In Japan, the yen reached a trading level of 105 yen per dollar at the end of December, the highest it has been since 2008. The economic policy in Japan is aimed at weakening the yen to spur manufacturing exports and to stimulate some inflation. One result has been the record prices for Alaska snow crab in yen.
In the past three years, Japan’s ability to pay higher prices for crab, surimi, cod and other products due to the stronger yen has helped these prices either maintain their levels or go up. Sackton reports that right now there is a tension between the stronger Japanese economy — with demands for more seafood imports — and a weakening currency — which makes those imports more expensive. In his view, this balance will shift in 2014 toward the weakening currency being a primary factor — and this will make crab negotiations this spring in Canada very dicey.

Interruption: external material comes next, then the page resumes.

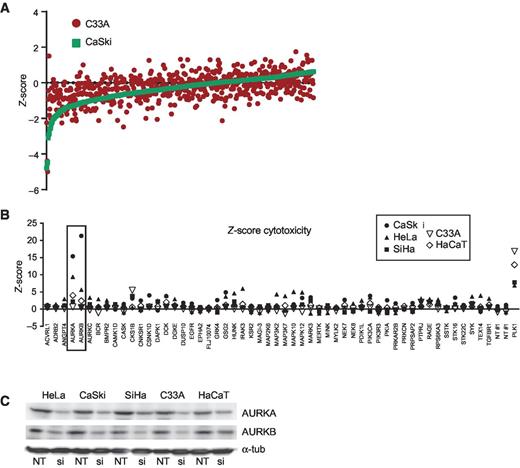 Figure 1. Kinome siRNA screen of cervical cancer cells. A, cell viability (resazurin) analysis following treatment of CaSki and C33A cells with the Dharmacon Human siGENOME SMARTpool siRNA Library. Each data point represents a mean Z-score of three replicates. B, summary of the top 54 selected hits from the primary screen rescreened using OnTarget Plus siRNA in an expanded panel of cell lines. Only the cytotoxicity data are shown. The top two hits from this validation set are indicated (box). C, cells transfected with either Aurora A kinase (AURKA) or Aurora B kinase (AURKB) ON-Target Plus siRNA and harvested 24 hours after transfection. Nontargeting siRNA (siNT) was used as a control. The levels of Aurora A or B were assayed for the appropriate siRNA, with α-tubulin as a loading control.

In Europe, the euro traded at a two-year high against the dollar last week. This has helped U.S. exporters sell salmon, pollock and cod to Europe. It also will help Canadian shrimp exporters if the trend continues.
However, there has been some weakness in Europe as evidenced by some central banks lowering interest rates — and it is possible that the euro will not maintain its current relative position as the dollar strengthens.
By this summer it may be a drag on export pricing.
In China, the renminbi or Yuan, is now trading at a 20 year high against the dollar, although its rise is tightly controlled by the Chinese authorities. However, it has made imports more expensive and as many Chinese seafood reprocessing companies operate on extremely tight margins, a weaker currency makes it harder for them to bid up prices for raw materials.
Alaskan processors ship relatively little pollock to China for reprocessing; less than 57,000 metric tons in 2010. Much of that volume was already filleted, whereas pollock from Russia often arrives in headed-and-gutted form. In the case of Russian pollock, it must be defrosted, filleted, packaged, and then re-frozen as opposed to pollock sourced from Alaska which is “once-frozen.”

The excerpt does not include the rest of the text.